Entries supplied =

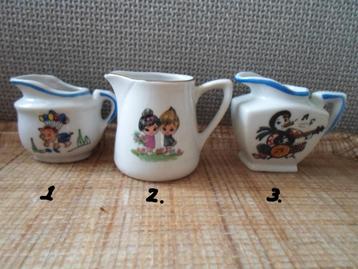 13 Kinderservies melkkannetjes. Zie omschrijving. beschikbaar voor biedingen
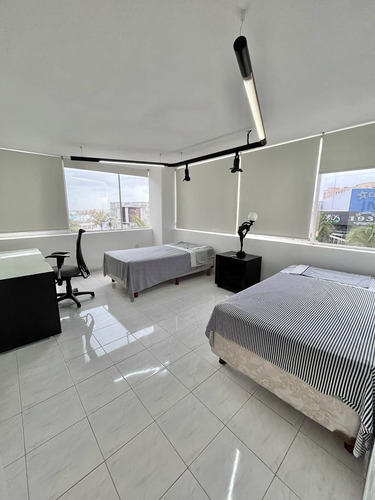 Departamento En Condominio El Mar, Col. Mocambo, Veracruz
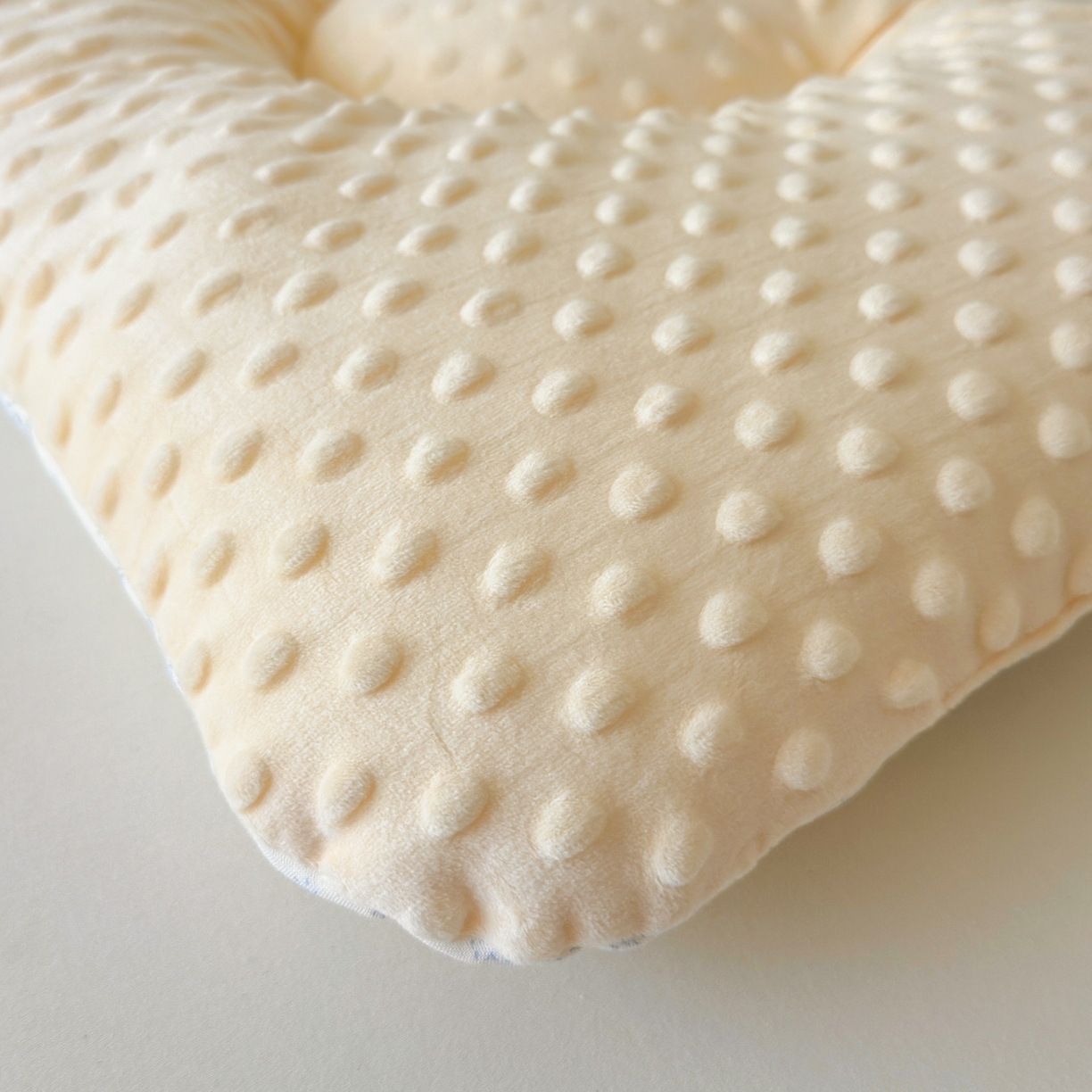 91家纺网 家纺一手货源 找家纺 北鸣有鱼枕芯馆 2025新款漫画家系列全棉双层纱豆豆枕枕头枕芯 别梦蓝-40x60cm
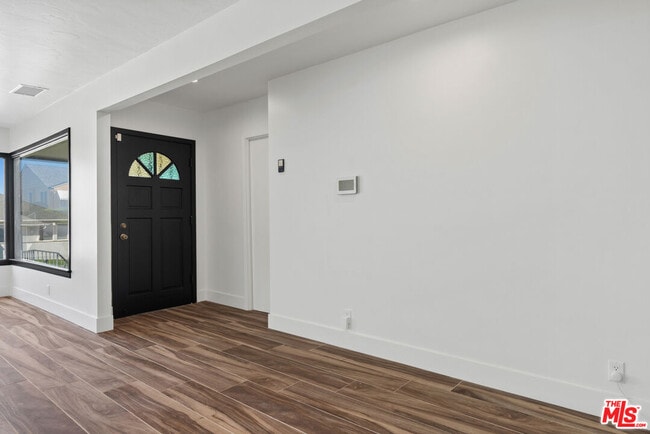 Building Photo - 5266 Veronica St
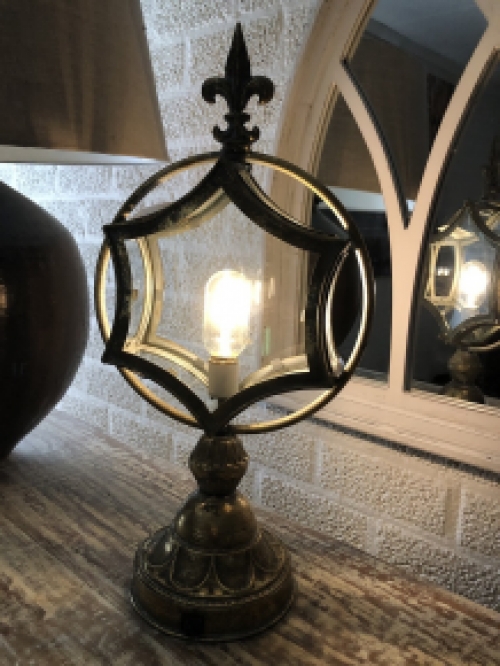 Beautiful table lamp star shape classic metal copper look.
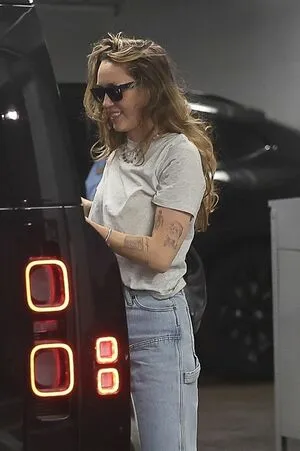 Miley Cyrus OnlyFans Leaked Free Thumbnail Picture - #RoachY4TB8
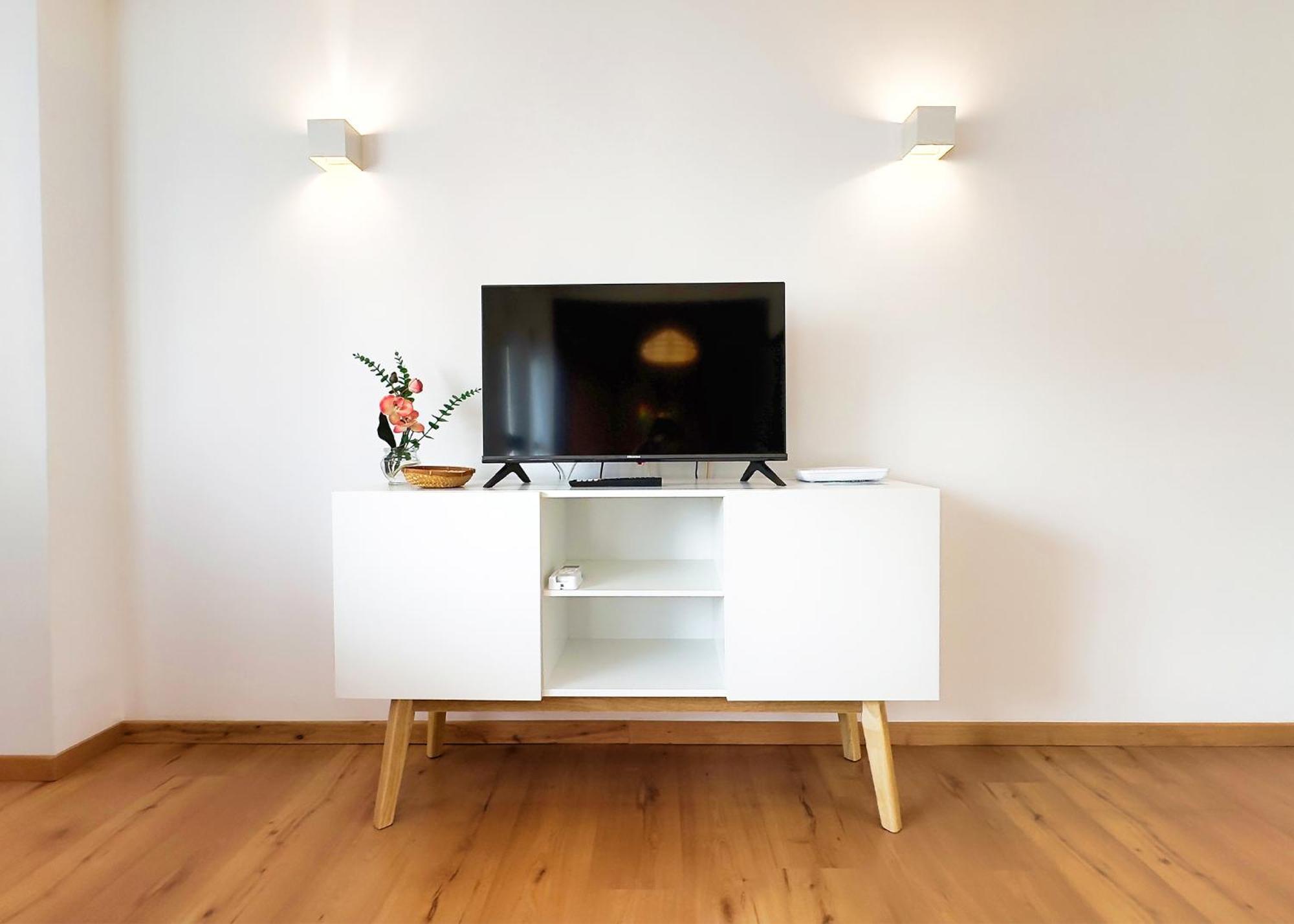 Mediterraneo 508. Fantastic Studio On The Beachfront With Sea Views. มาร์เบยา ภายนอก รูปภาพ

Task statement = Working from the records above, reproduce exactly the lines from the one with "Beautiful table lamp" through the last line, without the pictures.

Solution for this problem =
 Beautiful table lamp star shape classic metal copper look.
 Miley Cyrus OnlyFans Leaked Free Thumbnail Picture - #RoachY4TB8
 Mediterraneo 508. Fantastic Studio On The Beachfront With Sea Views. มาร์เบยา ภายนอก รูปภาพ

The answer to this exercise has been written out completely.